Matt, you know you have an open invitation...just fire me a PM when you're coming to town!!


----------



## bigshawn (Dec 29, 2005)

I like.............


----------



## Ja'eh (Jan 8, 2007)

Nice rhom and set up!


----------



## chomp chomp (Oct 28, 2003)

Very nice tank, fish and filtration set up!!

After seeing your set up, it makes me want to upgrade my filtration. I just run solo Eheim 2028's on my tanks


----------



## Σņįġmã (Mar 25, 2006)

STUNNING!


----------



## Sheppard (Jul 8, 2004)

That is some intense filteration..I love it!!

But I don't understand how you got your canisters for much cheaper than what a sump would have cost.
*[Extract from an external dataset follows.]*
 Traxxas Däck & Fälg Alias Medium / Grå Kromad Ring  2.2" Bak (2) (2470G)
I know you said you got them on sale..but they must have been marked down about 90% !!! Because you can build a 75-100gal sump for about 150-200$. The filters must have been way more than that.


----------



## KINGofKINGS (Jul 24, 2006)

an undergravel filter dude??? are you serious??? I run 1 fx5 on my 125 with my 15" rhom and it does more than fine- awesome fish by the way-


----------



## Ba20 (Jan 29, 2003)

> My experience with traditional wet/dry sumps leaves me with a few negatives - excessive evapouration, not good for maintaining consistant water param's - especially dissolved solids (hardness). Drilling the tank for an overflow = less space for the fish, using an overflow box means having the aquarium out too far from the wall - looks messy behind seeing all the plumbing. Excessive noise in the sump, some sound like a toilet running...and cost! I was able to get all of my filters on sale and their total cost is far less than what I would have to put out for a sump. Also, if 1 of my filters takes a crap, the whole system is not down.
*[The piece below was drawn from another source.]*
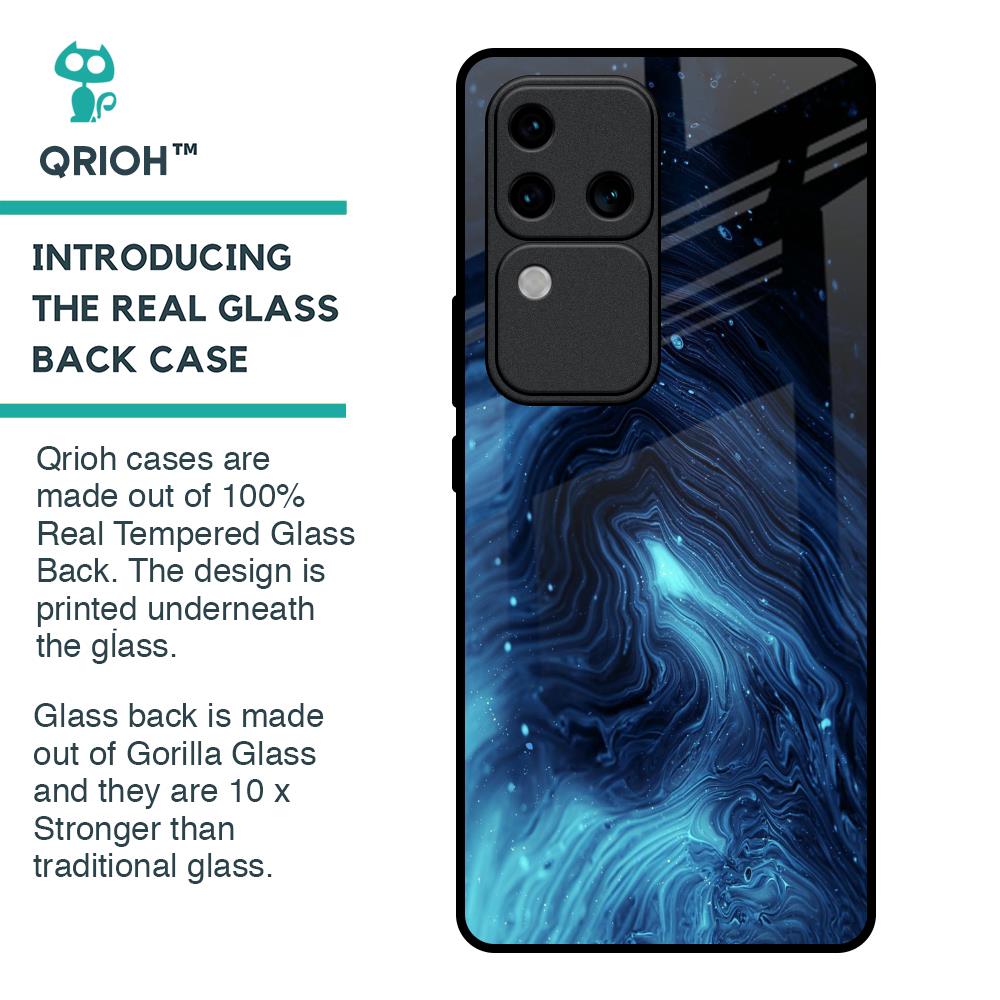 Dazzling Ocean Gradient Glass Case For Vivo V30 Pro 5G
Well from my experience most people including myself that spend money on large aquariums to house large Rhoms, pygo's, saltwater predators, or even guppy's. Is that we have the know how and funds to set up a auto top off system. These can made for less than 50 bucks. The changes in your water parameters will be negligible with a ro/di system. Now for noise you aren't the only person that likes a whisper quiet aquarium. No one wants there aquarium to sound like a toilet and that is why there are several differnt sump/standpipe designs that are designed to be whisper quiet. In fact there is a guy on reef central that i have personally seen his aquarium. His refugium is pushing almost 3,000 GPH and you could hear a pin drop.

On a ending note You have very nice set-up and by the looks of your rhom it seems to be doing a great job and Keep the pics coming


----------



## Yanfloist (Oct 1, 2007)

Awesome, I never thought about using many different canister for different kinds of jobs. Where do you get large driftwood, and how do you get it to sink?? Awesome, awesome, beautiful Rhom and tank set-up. People like you are true hardcore lovers of this hobby.


----------



## ICEE (Feb 3, 2007)

talk about filtration.... jeez

That rhomb has a massive head and jawline


----------



## locust (Aug 2, 2005)

love your rhom


----------



## dorianc204 (Mar 12, 2007)

WOW im jealous

man this makes me wanna go get a new filter for my tank!!~
im gunna get a fluval 305 online becz Petland charges double for the same fluval 305 filter like y is there mark up soo high??


----------